这时候,迎春花已经暗淡,江岸的柳树吐出嫩绿色的小芽,渐渐地,粉红的梅花、淡粉色的桃花、杏花,洁白的李子花和浓郁香气的白梨花在北国的疆土上争先盛开。公园里百花争艳,处处是美景,随处一拍就有当年刘关张桃园结义的景致。然而这也吸引来了许多观赏的人,人多的时候,想在花树下拍张照片都要排队等候。
然而这种热闹的景象持续不了多久,到四月末的时候,它们也就都败了,这期间总会下一夜雨,刮一夜风,等第二日清晨,人们照旧走上街头,开启新的一天,养狗的人也趁清晨出来遛狗,那小狗穿着主人给买的新衣服,也很有精神的样子。只有这些斗艳的花,一朵朵几乎全都被从树上打落下来,失去了原有神气,还没等衰败,就已经沾染泥土,被人们踩在脚下了。也有天真善良的小孩子,或者林黛玉那样多愁善感的美少女,捡完整的没被泥土污染的花拾起来,揣进口袋里,等回到家,把它们小心翼翼地夹在书本里,或者挂在窗边晾成干花,然而这毕竟是少数,大多的还是被生生的埋葬了。

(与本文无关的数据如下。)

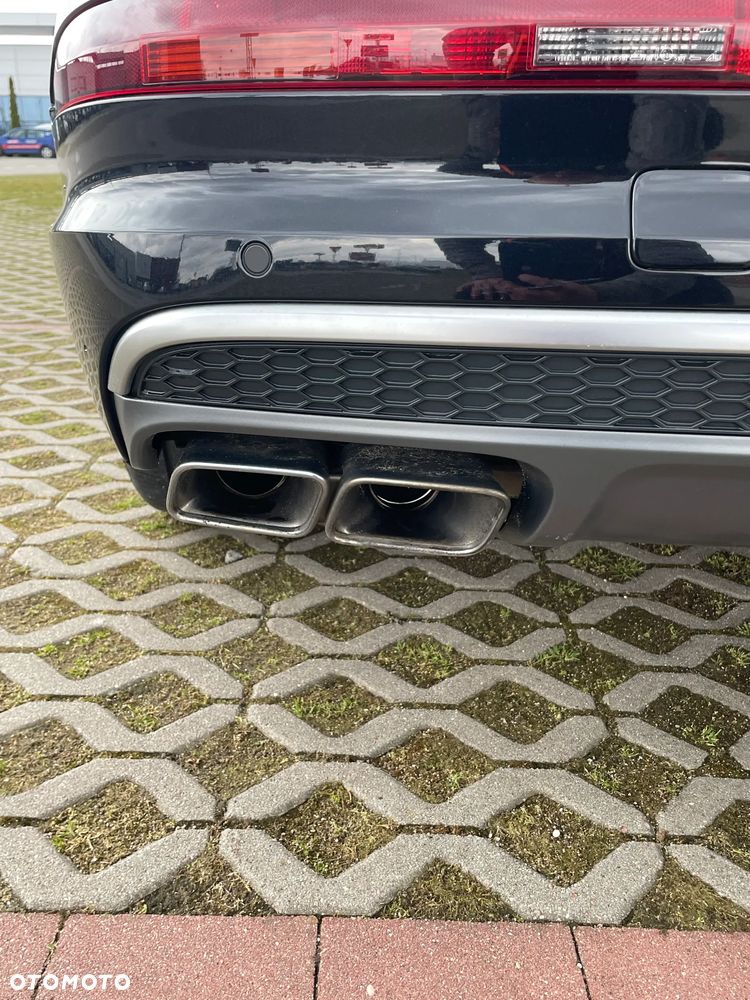 Audi SQ7 - 7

百花落尽,丁香花也姗姗的开了。丁香花一开,春天也就接近尾声了。这丁香花不似前面的花仿佛一夜间盛开,它趁百花斗艳时,悄悄地生出花苞,慢慢地等花苞长大,然后再齐齐地盛开。紫丁香、粉丁香、白丁香,花开时,一簇簇,坠在枝头,醉人的花香飘过满花园,沁人心脾。走过的人都忍不住在树下停留,张着鼻孔,尽力地吸着香气,仿佛要把香味吸进肚子里,靠这花香就能填饱肚子一样。
然而这高雅的丁香花也没能挨过春雨的蹂躏,一场雨过后,总会倒下一批,逐渐的也就掉光了,如同当初的梅花桃花杏花李子花梨花一样,它们都不能长长久久地开着。
花儿败了,树叶就长了起来,等全都茂盛了,夏天也就来了。北方的人们又开始忙着嫁女儿娶媳妇,然而这都与春天无关了。